Q4'22 & 2022 CGC Quarterly Letter
A tough year, but a great comeback in 2H
*Note: A previous version reported a 12% gross return for the quarter and a -31% return for the year. This has been corrected to a 12.3% gross return for the quarter and a -30.8% return for the year.
In Q4 2022, Cedar Grove Capital Management, LLC (“Cedar Grove Capital” or the Fund” or “CGC”) returned 12.3% gross return compared to 7.1% for the S&P 500, -9.5% for the S&P Consumer Discretionary ETF XLY, -21.5% for the Cannabis ETF, and 5.8% for the Russell 2000.
We are happy to report that we bounced back meaningfully in the final quarter of 2022, beating all our benchmarks handsomely.
The key takeaway? We did not lose money in Q4’22.
While we did end the year -30.8%, this was dramatically less than our lowest performance at the end of Q2’22 which was -44.1%.
In Q1, we were on the “inflation is transitory” train and did not appropriately reduce our net long exposure to cyclical names and the cannabis sector. While earnings had yet to flatten or decrease, unanticipated multiple contraction in tech and retail names led to heavy losses in Q1.
In order to recoup some of the losses, we deviated from our core investment principles and strategy by trying to capitalize on the market’s historic volatility. This proved difficult and expanded our losses in Q2.

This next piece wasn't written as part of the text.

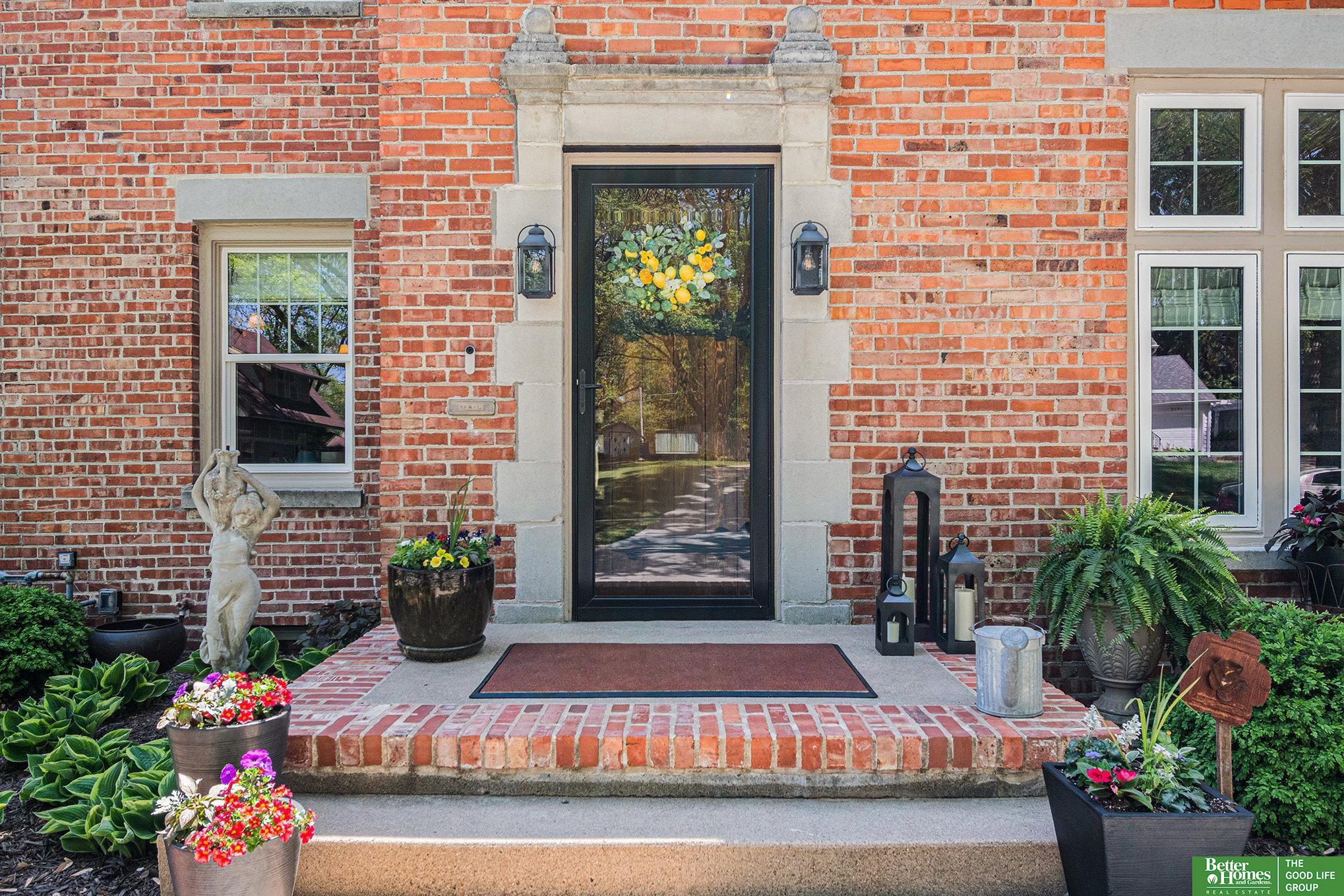 1020 E Valley Street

By the end of Q2, our position of transitory inflation was long gone. Additionally, in Q3 not only did we return to our core investing strategy, but our research into the underlying consumer fundamentals greatly concerned us. Our initial thoughts are published in the post below from September.
The data we digested led us to sell into the rally in late August and liquidate all of our positions but two. Considering the market was hell-bent on inflation data and the words of J Powell, we did not feel confident in our ability to invest in that market environment and decided to sit it out. Lessons learned from Q2.

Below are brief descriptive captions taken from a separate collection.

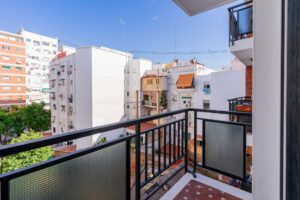 Appartement rénové 3 chambres entre Russafa et la Cité des Sciences Valence BuenApart 4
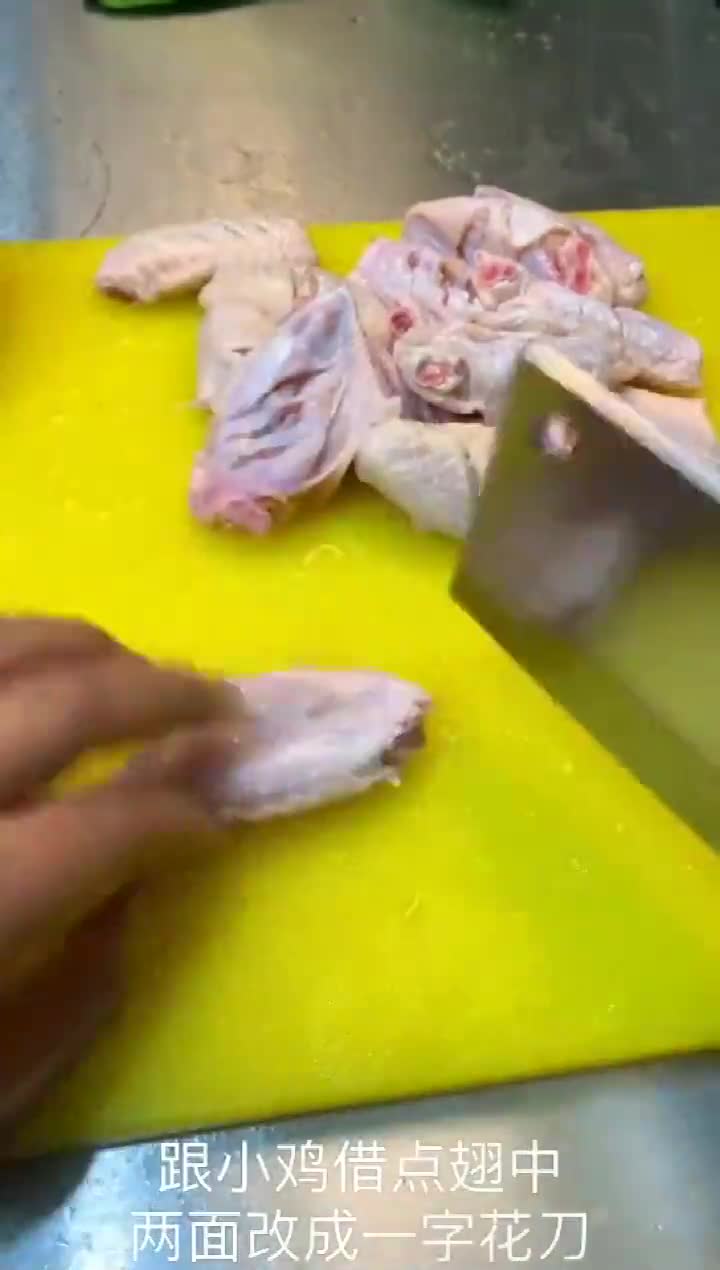 最好吃的可乐鸡翅做法,一分钟就能学会,新手零失败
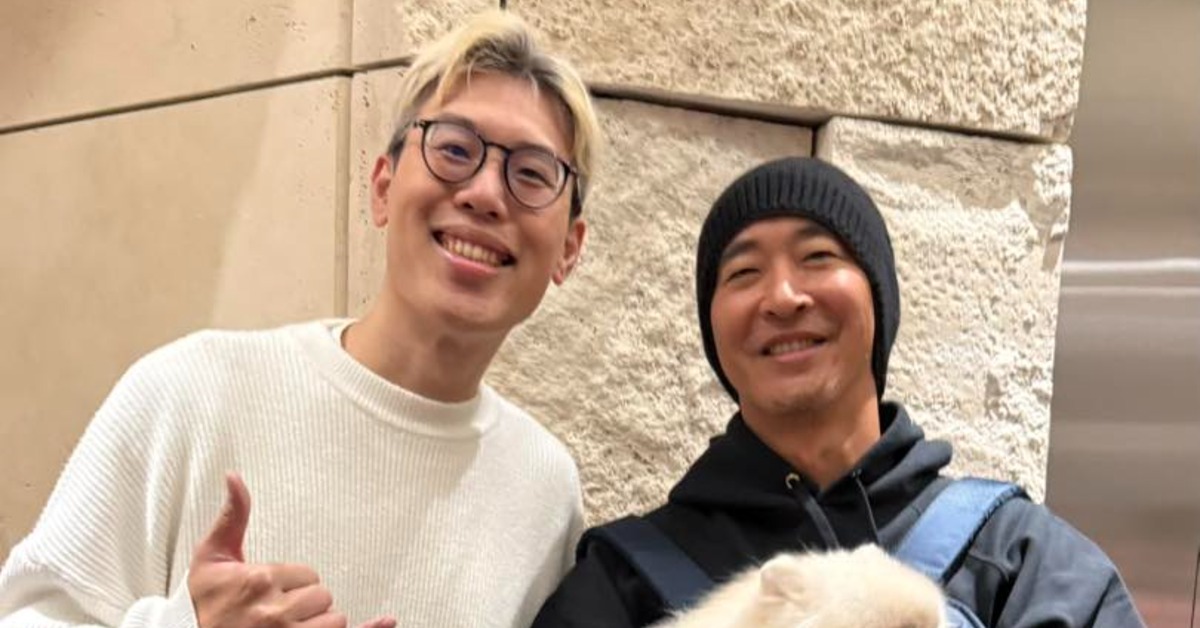 黃立行跨年夜被知名DJ馬克巧遇，其背包背狗的裝束成為網友熱議重點。（圖／翻攝臉書@歐馬克）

With virtually all of our core positions closed during Q3, we were left with our Twitter arbitrage trade and some call contracts we already wrote off at a $0 NAV.

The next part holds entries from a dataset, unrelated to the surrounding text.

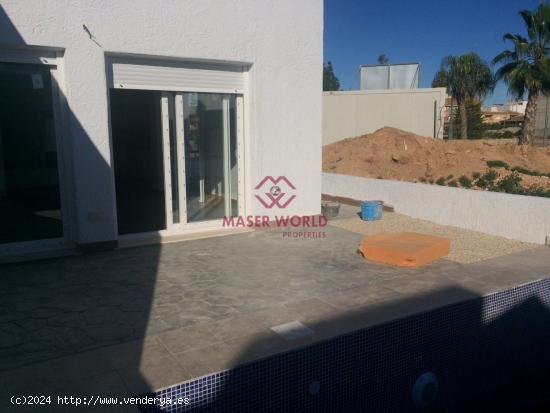 VILLAS PAREADAS DE OBRA NUEVA EN LOS ALCAZARES - MURCIA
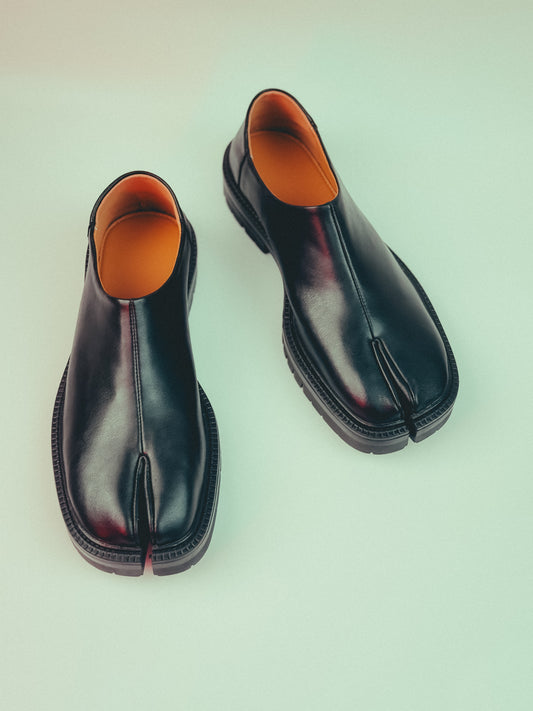 Tabi shoe form Maison Margiela Real Lather CowHide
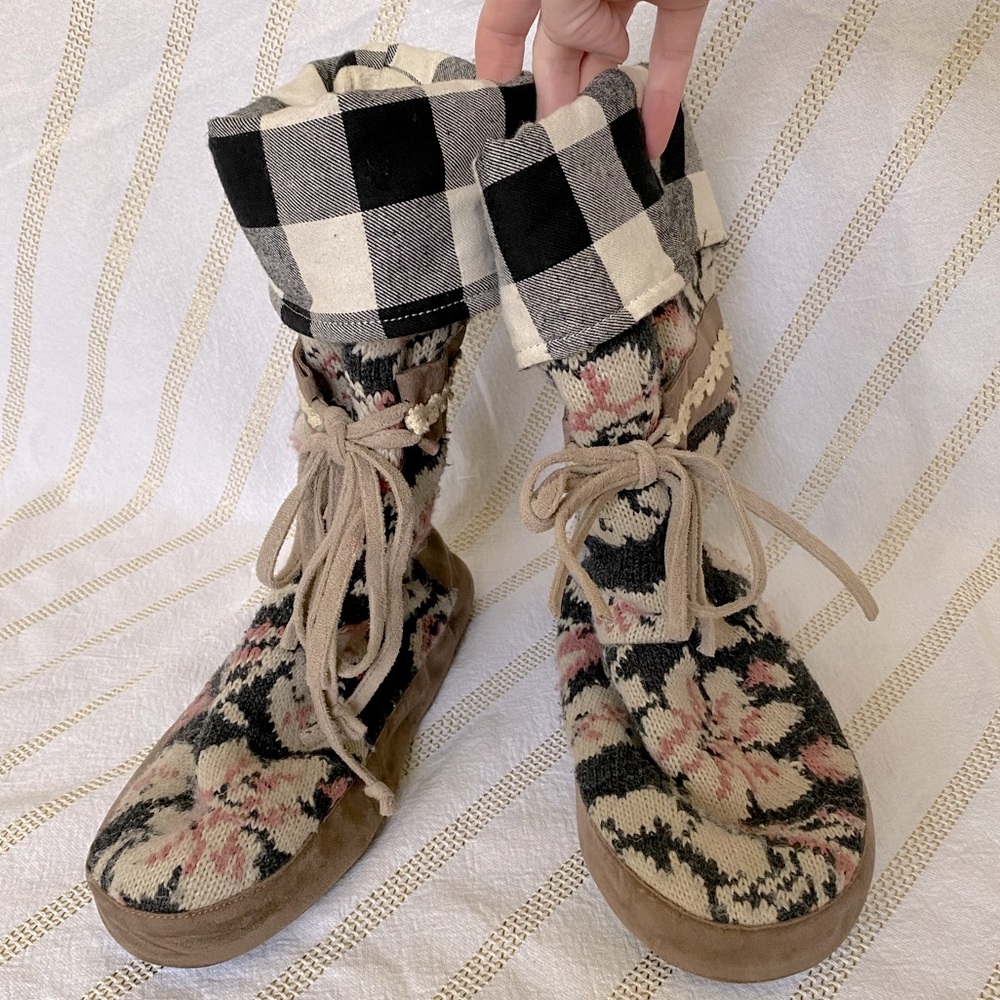 Muk Luk Buffalo Check and Floral Slippers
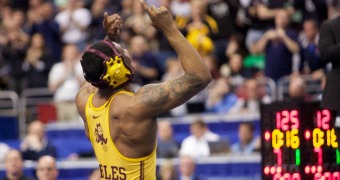 Update: Robles sets record for most pull ups in one minute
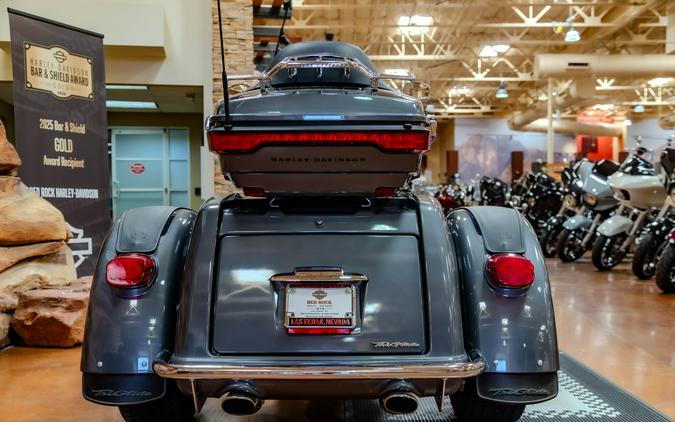 2022 Harley-Davidson Tri Glide Ultra FLHTCUTG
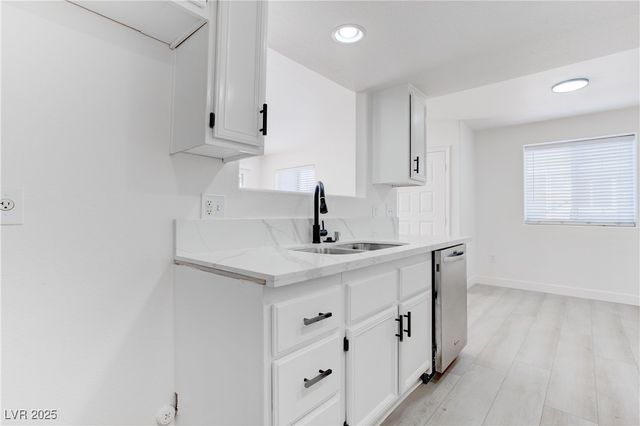 5792 Ambassador Avenue 102, Las Vegas, NV 89122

To end the quarter, we finally recognized our gains in the Twitter takeover (thank you Elon), a brief snapback in cannabis names from the Biden announcement, and the possible passing of policy towards SAFE and 280E.
We were skeptical that policy would be changed and tweeted about selling into the rally.
We exited our call options and decided not to partake in the FOMO. A wise decision.
While the market was rejoicing peak inflation and a possible FED pivot, we further doubted the probability of this occurring and became even more concerned about the consumers’ state going into 2023.
We outlined our opinion on holiday sales to those that subscribed in the posts below to try and sound the alarm once again to anyone that wanted to listen.
With the market too optimistic about earnings and a FED pivot, we decided to re-enter the market at the end of November and establish our biggest net short position since the founding of CGC. We deployed slightly less than 50% of our assets across various names and ETFs with over 94% of deployed capital in a “short” capacity.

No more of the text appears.